- **Work instructions**
Your copy should run exactly from the line containing "Thumbnail: Man modeling" to the last line of the entries below, and it should include no pictures.

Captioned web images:
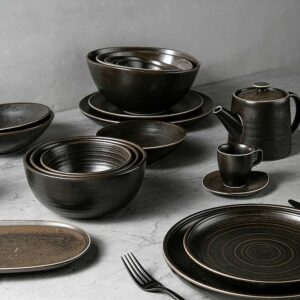 Product Description This tableware set centers on dark brown kiln-change glaze + vintage spiral pattern design, crafted from ceramic. The glaze presents a rich dark brown kiln-change finish paired with understated spiral textures, fitting the dining scenarios of dark-style Western restaurants, Japanese izakayas, and industrial-style home tables, infusing a calm and high-end atmosphere into meals. It blends aesthetics with functionality: The dark brown kiln-change glaze features a vintage matte texture, combining uniqueness and quality; the spiral pattern details enhance visual layers and suit serving diverse dishes like grilled meat, sushi, and thick soups; the multi-vessel combination (plates, bowls, teapots, cups) covers scenarios like formal meals and tea service. Matching with same-color cutlery creates a unified style. Whether for distinctive serving in restaurants or quality family gatherings, this tableware set becomes a textured highlight on the dining table with its calm vintage style.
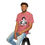 Thumbnail: Man modeling red-pink Ms. Swan MadTV shirt while sitting on stool and smiling.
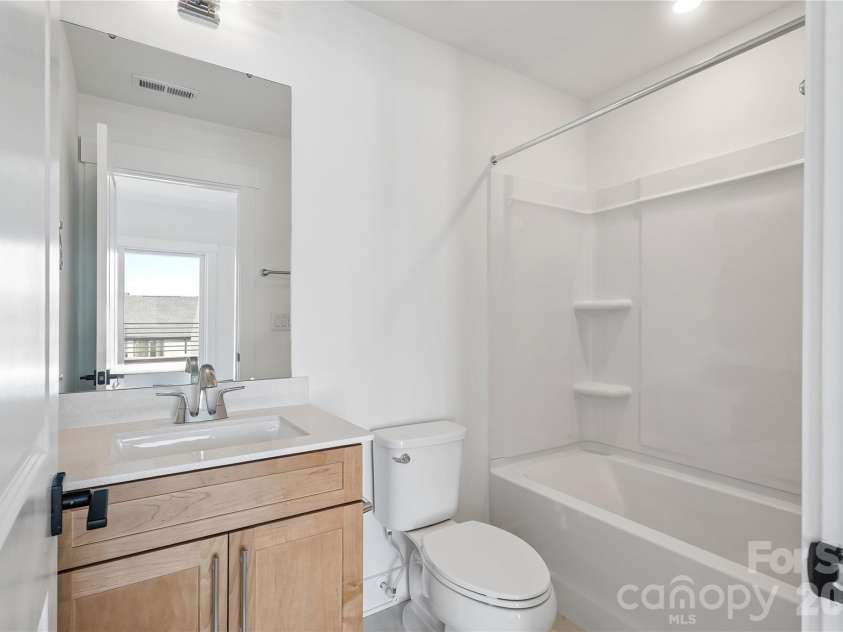 3704 Tryon Street, Charlotte, NC 28217.  MLS# CAR4421301, YatesRealty ID 48648. Guest bath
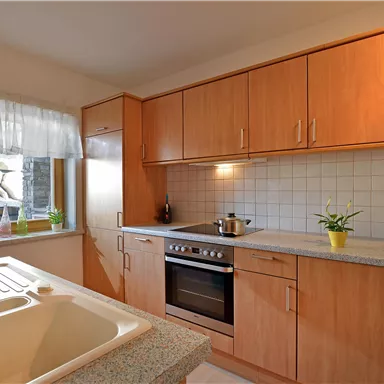 A modern kitchen with wooden cabinets and a bright countertop. A cooking pot is on the stove, and there are windows with a view of the outdoors.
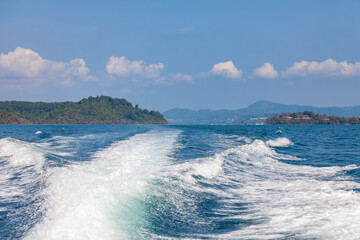 Wall Mural - Waves from a speedboat on the blue sea with splashes and a trail from a boat or yacht. The concept of travel and voyage while on vacation in hot Asian countries.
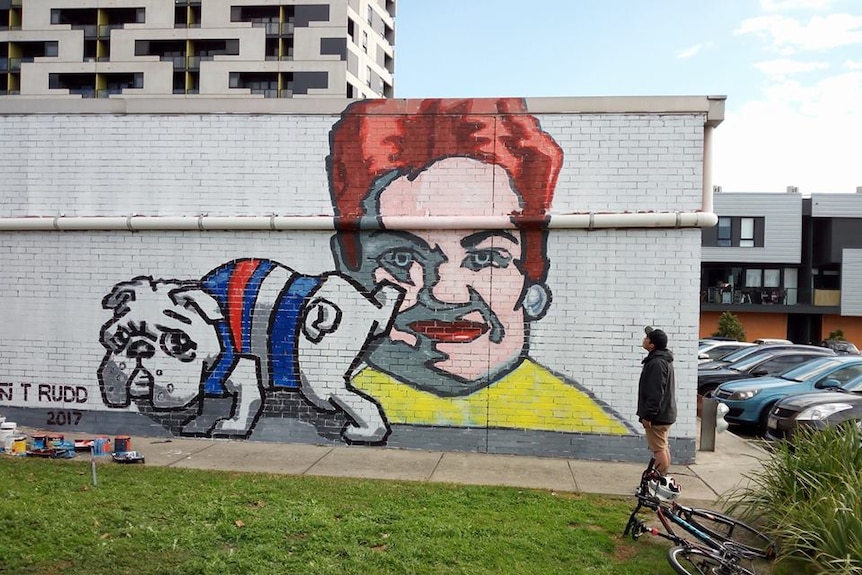 A mural in Footscray showing a bulldog cock his leg ove a depiction of Pauline Hanson's face.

- **Exercise result**
 Thumbnail: Man modeling red-pink Ms. Swan MadTV shirt while sitting on stool and smiling.
 3704 Tryon Street, Charlotte, NC 28217.  MLS# CAR4421301, YatesRealty ID 48648. Guest bath
 A modern kitchen with wooden cabinets and a bright countertop. A cooking pot is on the stove, and there are windows with a view of the outdoors.
 Wall Mural - Waves from a speedboat on the blue sea with splashes and a trail from a boat or yacht. The concept of travel and voyage while on vacation in hot Asian countries.
 A mural in Footscray showing a bulldog cock his leg ove a depiction of Pauline Hanson's face.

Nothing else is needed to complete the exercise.